Magic numbers can be really magic in quilting. Especially when you have to work with random pieces of fabric. If you work with scraps, most of the time you can follow general rule and sizes you decided to go with. I have covered this subject in my previous article. You can read about it here.
But what if you need to complete a project using precious clothes? What if what you received (saved) is not the same shape or just purely not enough to create the size of the desired quilt?
Let me tell you a story of a memory quilt I have made some time ago….
Once upon a time, a customer asked for a memory quilt. His wife passed away and he wanted a quilt for his mother-in-law. I don’t do commissions often, but his story really touched me and so I agreed. He said he didn’t have much of the clothes left, but he would bring it and I can decide what to do with it. He requested a single bed size quilt.
He was right. He only brought 5 tops and 2 of them were pure black. They were not cotton, or even t-shirt fabrics. Mix of poly and Lycra. Not something you work with everyday as a quilter but I accepted the challenge knowing the designing part may be tricky.
First, I cut the tops into the pieces on the seams to gather as many usable flat pieces as possible. I used all parts: front, back, sleeves. This wasn’t different to cutting button up shirts. If you need more details, you can check this video.
Second, I have stabilised them using interfacing. I don’t use branded ones. My local store has nice range and I choose the ultra-light non-woven, so it is not adding much to the thickness but helps with keeping shapes “in shape”. I ironed the interfacing onto all areas of the shapes I had from deconstructing stage.
Third step was to decide to how to cut it up into blocks. At this stage I still didn’t have any design in view. Lots of dark fabric was not very inspiring. However, I find that if I carry on with simple steps, these will lead to a next stage somehow. The issue was I had really limited amount of fabric and the smaller the shapes you will cut, the more will be used up by the seams. I decided to use magic numbers to help in arranging the layout.
I decided to turn the process around. Instead of designing first and cut fabric to fit design, I cut the fabric first. Keeping in mind the amount of fabric issue, I started cutting the biggest squares first: 10.5 inch. There were only few a of these but it was a good start. I then followed with 8.5 inch, 6.5, 4.5 inch squares, 4.5 and 2.5 inch strips in “magic number” lengths. Every scrap there was available I cut into 2.5 squares. I even stitched some scraps together to cut crumbs in one of the sizes.
I knew it will still not be enough for a desired quilt size. I had to accommodate in the pattern that I will be adding fabric from my own stash but I needed to preserve the “original” fabric look. For the top up fabric, I choose to add T-shirts fabrics. Backed with the same interfacing it blended thickness wise nicely.
So, to the design stage…
This is an actual picture of my design process I created at the time. I divided my quilt into 4 sections. Not even rectangles, just sections so I could focus on one area at a time.
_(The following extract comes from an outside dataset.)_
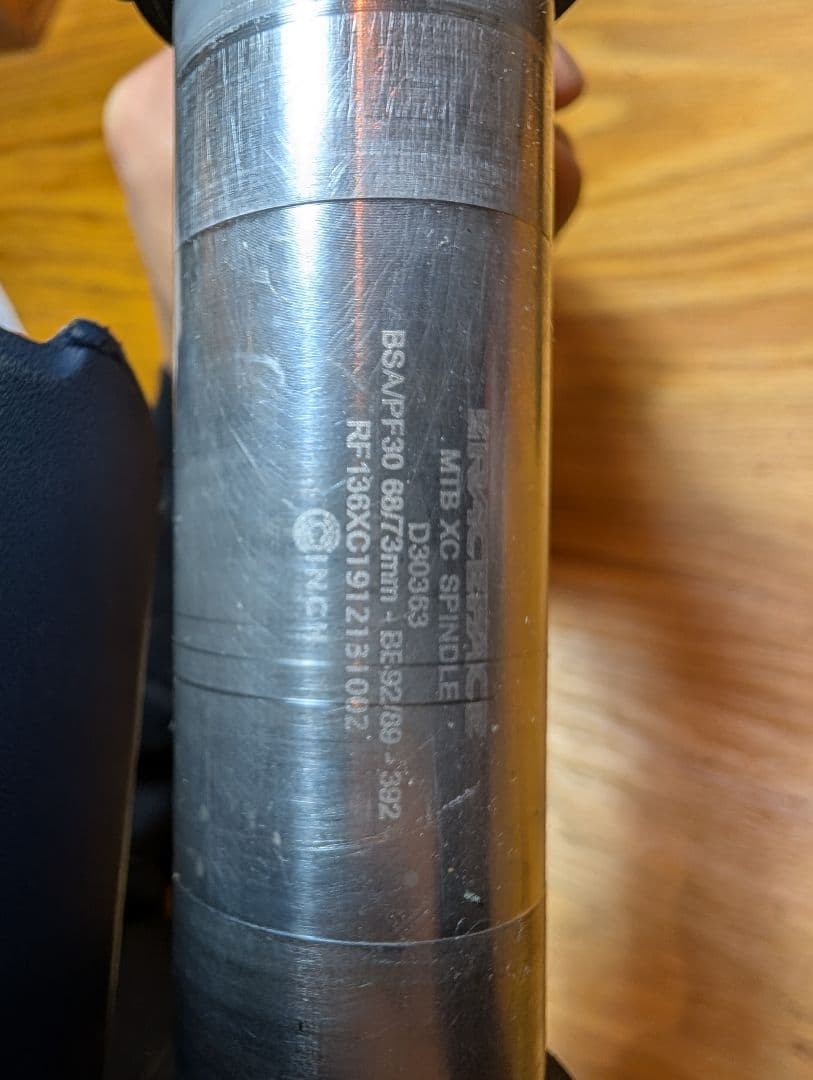 Race face Next SL レースフェイス クランク　175mm BB付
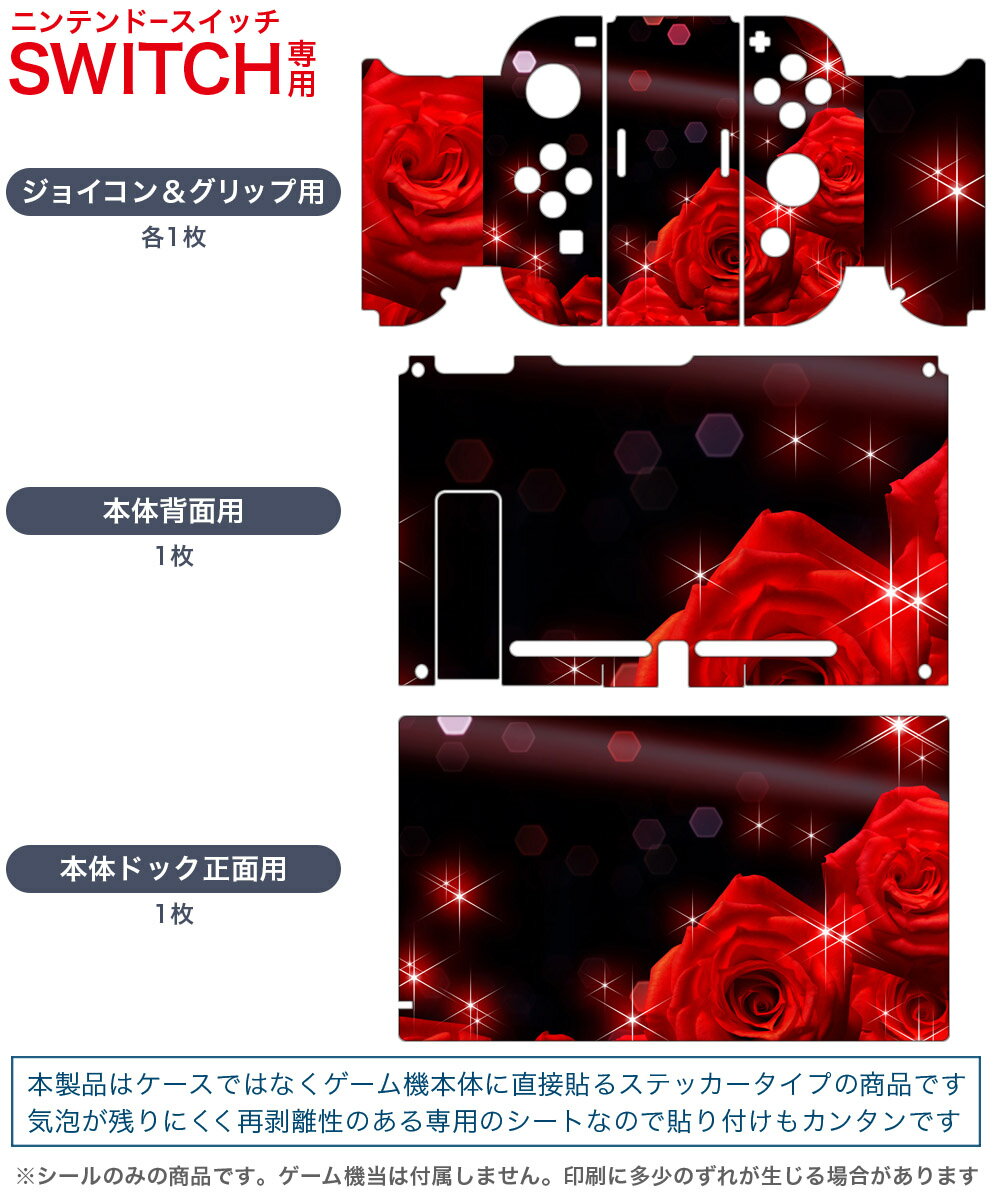 igsticker Nintendo Switch 用 デザインスキンシール 任天堂 ニンテンドー スイッチ 専用 本体ドック Joy-Con Joycon ジョイコン 専用 ゲーム機 カバー アクセサリー フィルム ステッカー 005581 花　　赤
I then divided my fabric shapes into 4 piles. Again, piles were not even as the sizes of the area I needed to make were different. But I made sure in each pile I have at least one large square which I wanted to use as a centre piece of each section. Please note, I design in “finished” dimensions, and then and half an inch when cutting the fabric.
I decided I will frame each section with added fabrics. I choose more colourful ones since the original pieces were so dark. Since I had quite a lot of large black squares, I cut some applique leaves from t-shirt fabric to add on top of these. I wanted to add a little bit of colour. Using the same shapes for applique also added cohesion.
I used graph paper for each section to decide on the actual layout: I cut it to the size of the section and started drawing shapes I had in a pile for this part. Once I “laid” out the squares I had available, I was able to check how many and what sizes of add on fabric I need to cut for it.
Once all pieces for the section were prepared, I laid the pieces on the floor and started sewing them together. As you can see from the picture, the seams sometimes were not ending at the same spot as the next section. I had to use a technique I called “puzzle piecing” to sew these types of the sections together. I have recorded detailed video on how it works here.
It may look complicated but really isn’t once you get into it. I had a lot of fun putting it together. Also, I didn’t mind that the same fabric was laid next to each other. When you have such a small selection of designs, it will be hard to separate each type. Some fabrics were directional, so I was able to use direction to add the movement of shapes from the same fabric were next to each other. Otherwise, the size would make a difference. I find it adds a modern feel when you use less fabric designs but you play with the size instead.
Here is a finished project. Quilt has been collected and delivered to the recipient as a Christmas present.
You can use this design method for your orphan blocks as well. You may need to add a sashing to certain elements to bring their size to more cohesive one (either the one you can divide by 2 like my system or perhaps by 3) depending on what you have in your stack. You can also divide quilt size into sections and use different magic number stack for each of them. This is a very versatile approach and can be used if various scenarios, from helping you using up scraps, using up orphan blocks or when you work with limited number of fabric designs and amount.